Fig 5Breakdown of the incremental ACF service cost, shown here at 50% screening coverage for the 2 ACF algorithms.
(A) Moderate-accuracy testing. The major driver of the incremental cost of moderate-accuracy testing is the treatment of false-positive TB in the non-TB symptomatic population (orange line). (B) High-accuracy testing. Notably, the cost of treatment of false-positive individuals is nearly halved when using an Xpert-like test for diagnosis (orange line). False-positive TB treatment costs and diagnosis costs (red line) are the 2 components that are the main cost drivers for high-accuracy testing. The shaded areas represent the 95% credible intervals.
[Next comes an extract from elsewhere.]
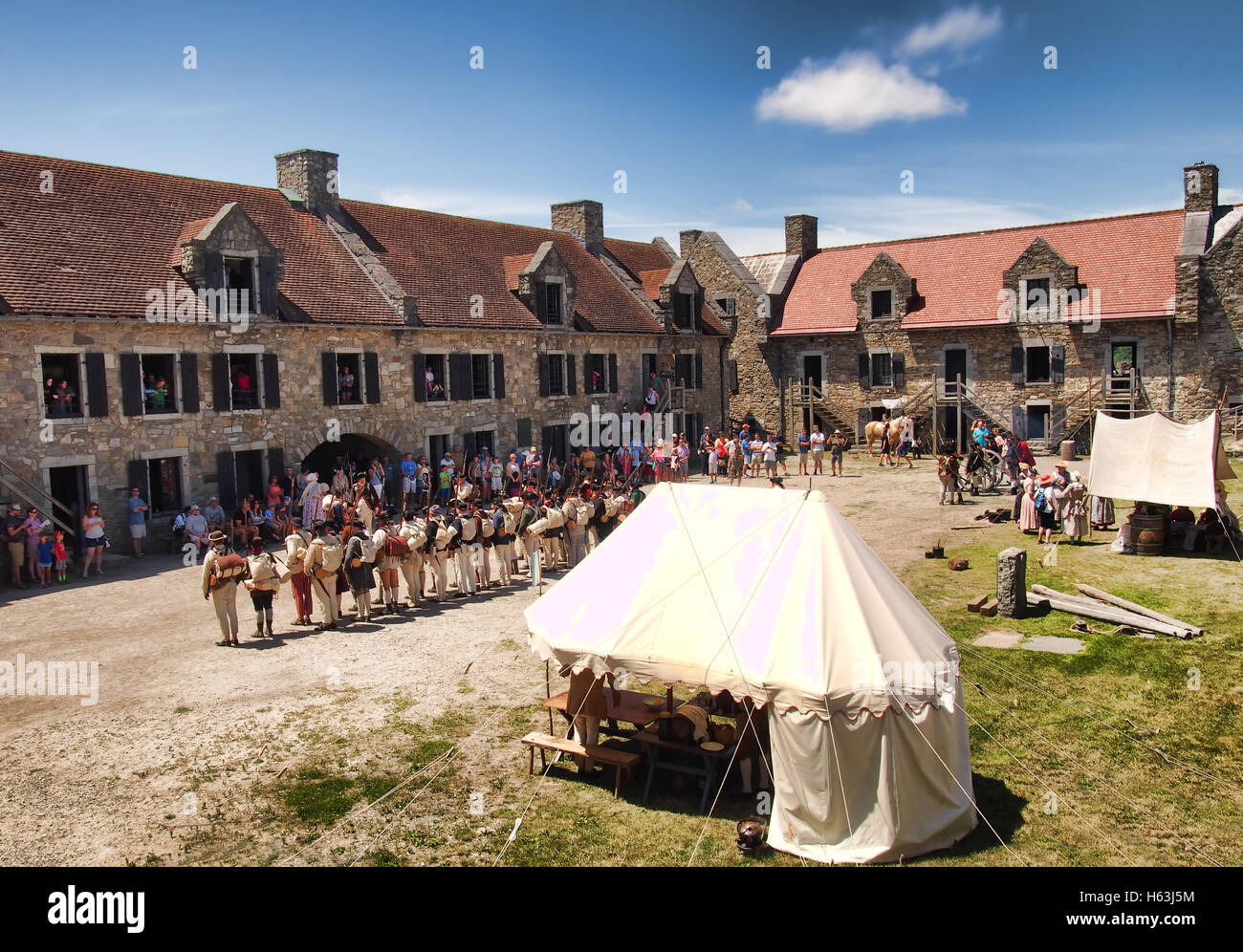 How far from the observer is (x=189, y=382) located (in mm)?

ACF, active case finding; TB, tuberculosis; Tx, treatment; USD, US dollars.
Fig 6Additional comparisons between testing strategies.
(A) Comparison of the positive predictive value (PPV) of active case finding (ACF) strategies. The panel shows the PPV of the entire diagnostic algorithm (including symptom screening), and not just that of the confirmatory test. Percentages on the right-hand side of the figure (20%, 50%, etc.) show ACF coverage scenarios, i.e., the proportion of the slum population being screened per year. The shaded areas represent the 95% credible intervals. Overall, as tuberculosis (TB) prevalence is reduced over time by ACF, the PPV also decreases. Improved diagnostic algorithms, with improved specificity, may be needed in these advanced stages. (B) Comparison of both testing strategies shown in Fig 3, by their impact on the incidence of drug-resistant TB (DR-TB) over time, at fixed 50% coverage. Because a high-accuracy test is able to diagnose rifampicin resistance at the point of TB diagnosis, it can contribute strongly to long-term reductions in DR-TB incidence, thus also averting future costs of second-line treatment (Fig 5B). A moderate-accuracy strategy also leads to a decline in DR-TB incidence, although to a lesser extent, as individuals with DR-TB are only switched to second-line therapy after failing first-line therapy.